The answer must consist solely of the lines from the one containing "sindrome de resistencia" through the last line of the records, set down exactly and without any pictures.
------------------------
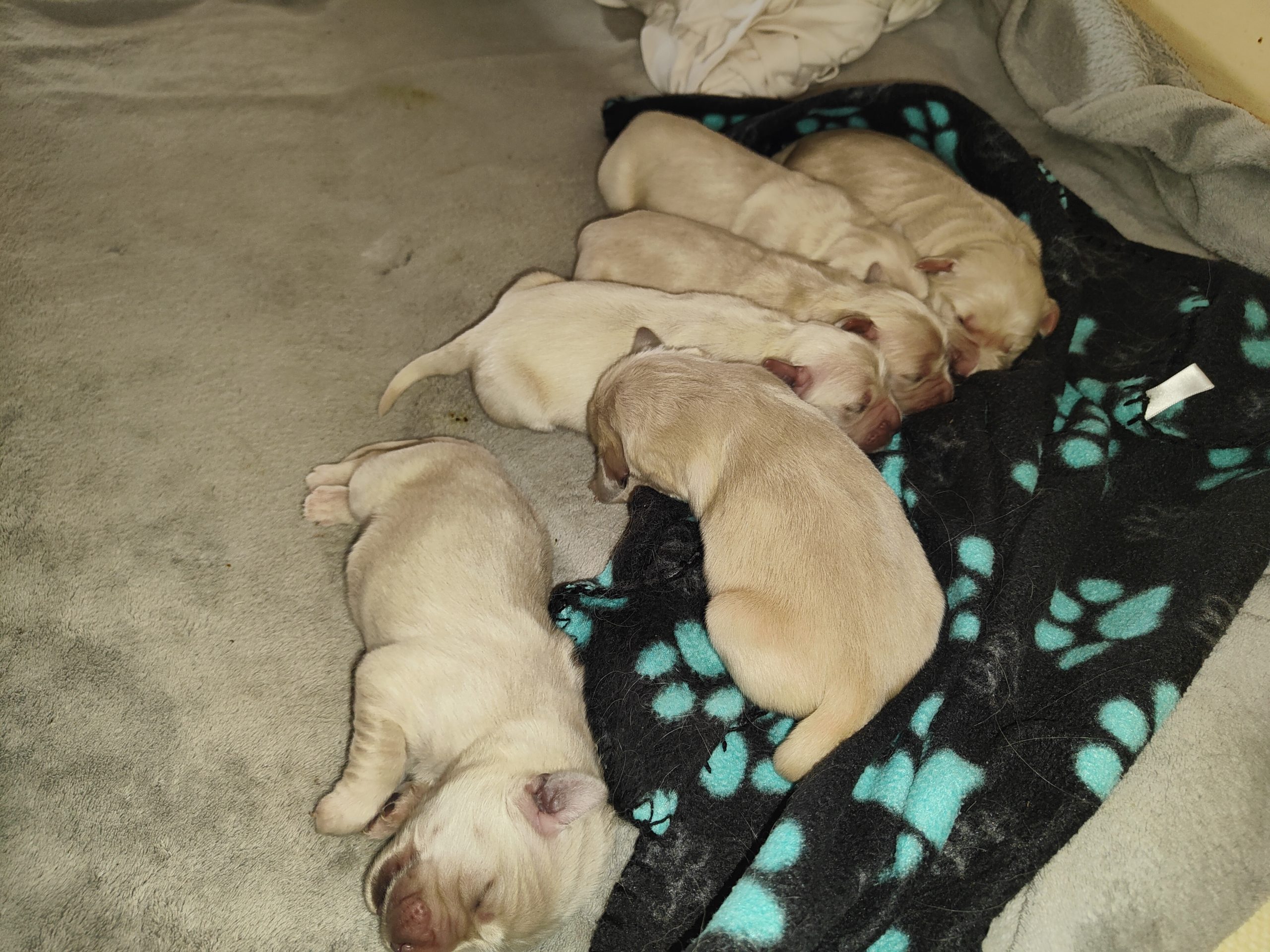 Cuccioli Golden retriever linea inglese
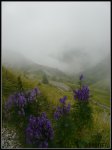 balesluchon1.jpg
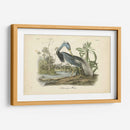 Audubons Louisiana Heron - John James Audubon | Cuadro decorativo de Canvas Lab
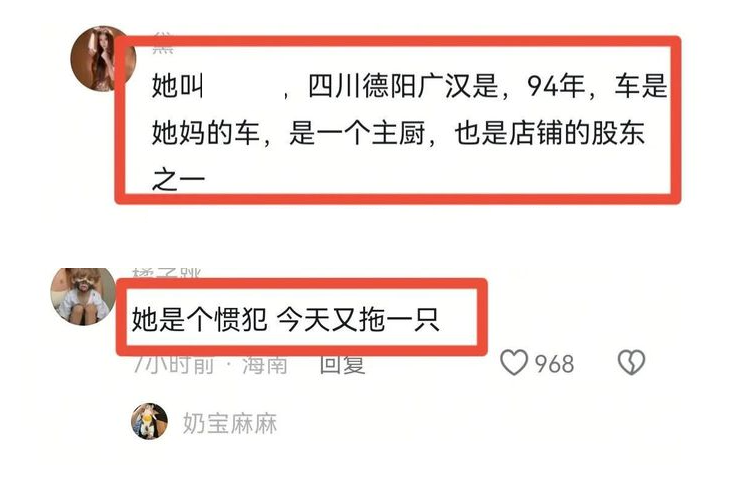 宝马女司机驾车拖行小猫致死事件已有定论：警方称未发现虐猫行为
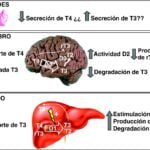 sindrome de resistencia hormonal impacto en la salud y efectos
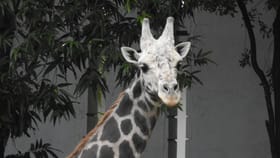 ಇನ್ಮುಂದೆ ಸಿಗಲ್ಲ ಜಿರಾಫೆ 'ಯುವರಾಜ'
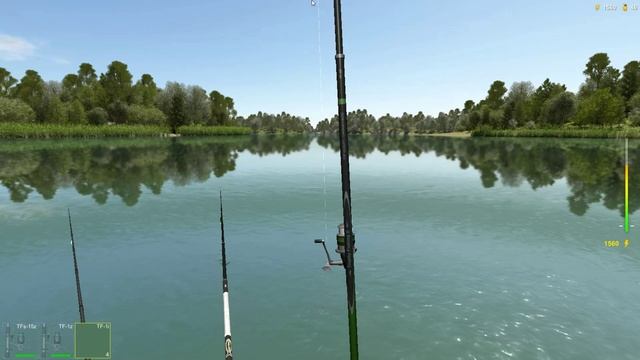 Белоглазка, трофей 1,351 кг, игра Трофейная рыбалка 2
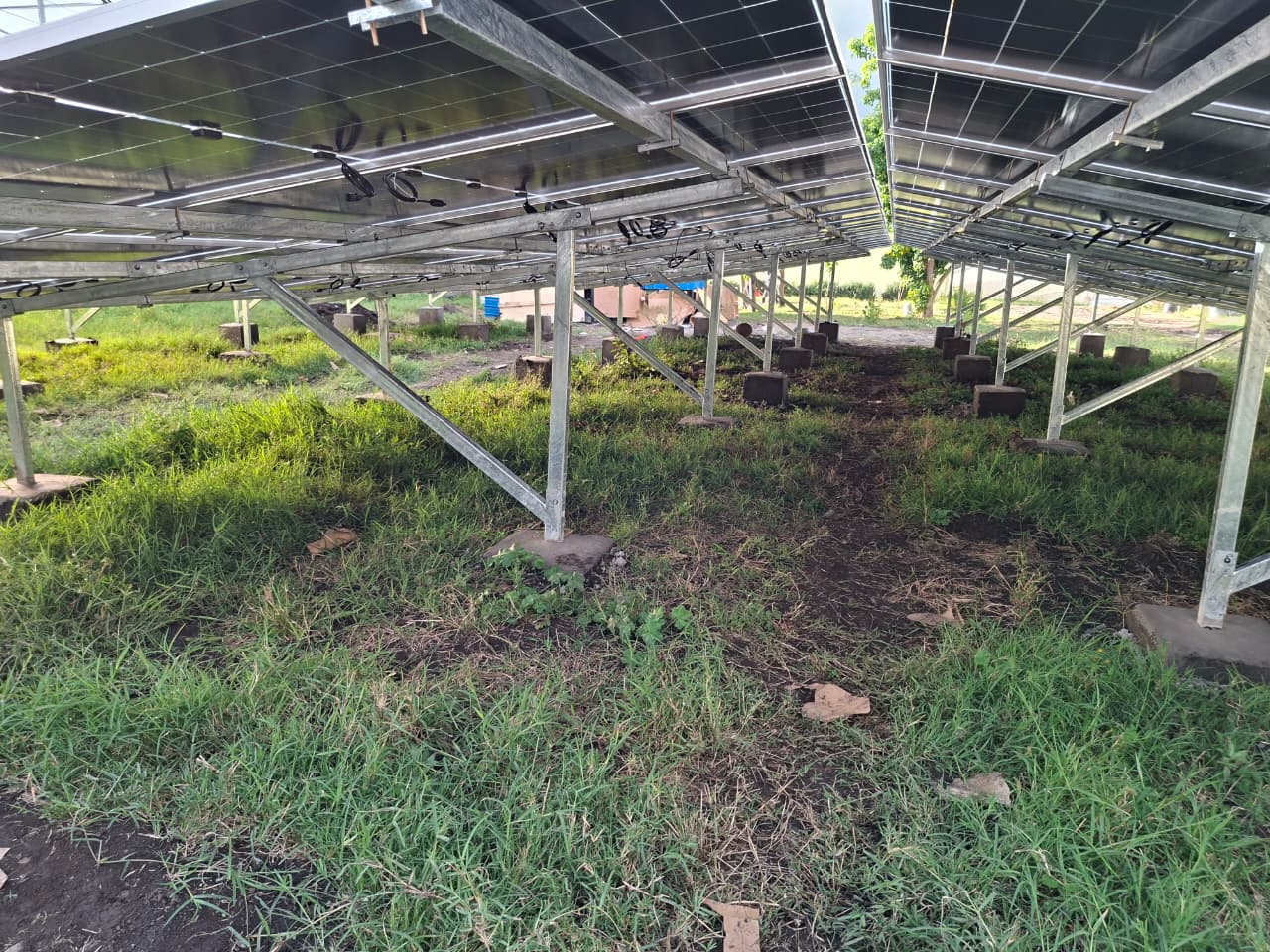 321kWp Grid-Tied image 159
------------------------
### OUTPUT OF THE EXERCISE
 sindrome de resistencia hormonal impacto en la salud y efectos
 ಇನ್ಮುಂದೆ ಸಿಗಲ್ಲ ಜಿರಾಫೆ 'ಯುವರಾಜ'
 Белоглазка, трофей 1,351 кг, игра Трофейная рыбалка 2
 321kWp Grid-Tied image 159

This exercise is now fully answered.